Why South Asia Has Become Hotspot Of Air Pollution?
Countries in South Asia have seen an increase in demand for energy and fossil fuels over the past two decades due to marked increase in industrialisation, economic development, and population growth.
Apart from heavy reliance on fossil fuels for energy needs, there are also certain major contributors that are unique to South Asia, including solid fuel combustion for cooking and heating, human cremation, and burning of agricultural waste.
About 38% of the pollution in New Delhi this year has been caused by stubble burning - a practice where stubble left after harvesting rice is burnt to clear fields - in the neighbouring states of Punjab and Haryana, according to Reuters.
A significant increase in the number of vehicles on roads has also exacerbated the pollution problem. In India and Pakistan, for example, the number of vehicles has increased four-fold since the early 2000s.
New Delhi, ranked the world's most polluted capital for four years in a row by Swiss Group IQAir, has 472 vehicles per thousand population, according to government data, with almost eight million vehicles plying on its roads as of 2022.

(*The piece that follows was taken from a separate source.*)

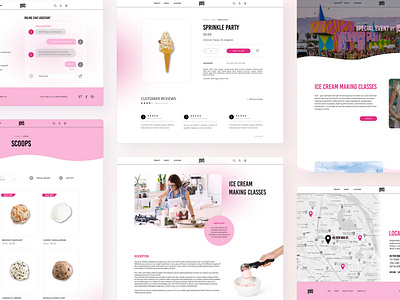 Jenís ice cream web design #3 ui webdesign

Why Pollution-control Measures Are Not Working?
Although South Asian countries have implemented several measures to curb pollution, like putting together air quality management plans, installing more pollution monitors, and pushing for a switch to cleaner fuels, these efforts have not seen much positive outcome on the ground.
This is due to the lack of coordination on pollution control efforts between the countries, experts say.
Dust particles can travel hundreds of kilometres, studies say, transcending national boundaries and impacting countries other than those in which they originate.
About 30% of the pollution in Bangladesh's largest cities, for example, originates in India and is transported to the country by the wind moving from northwest to southeast, according to Reuters.
Is There A Solution?
Countries across South Asia will have to collaborate to enhance monitoring and make policy decisions coordinate efforts if the region's pollution problem is to be solved. At the same time, these region-wide efforts will have to be balanced by moulding solutions to suit local conditions where needed.
In addition, the focus will also have to be broadened to include sectors such as agriculture and waste management.
To curb stubble burning, governments can offer subsidies on better harvesting machines. Countries like India have already started offering such incentives but demand for such machines has been limited due to their high purchase cost and high waiting time for those who want to rent them.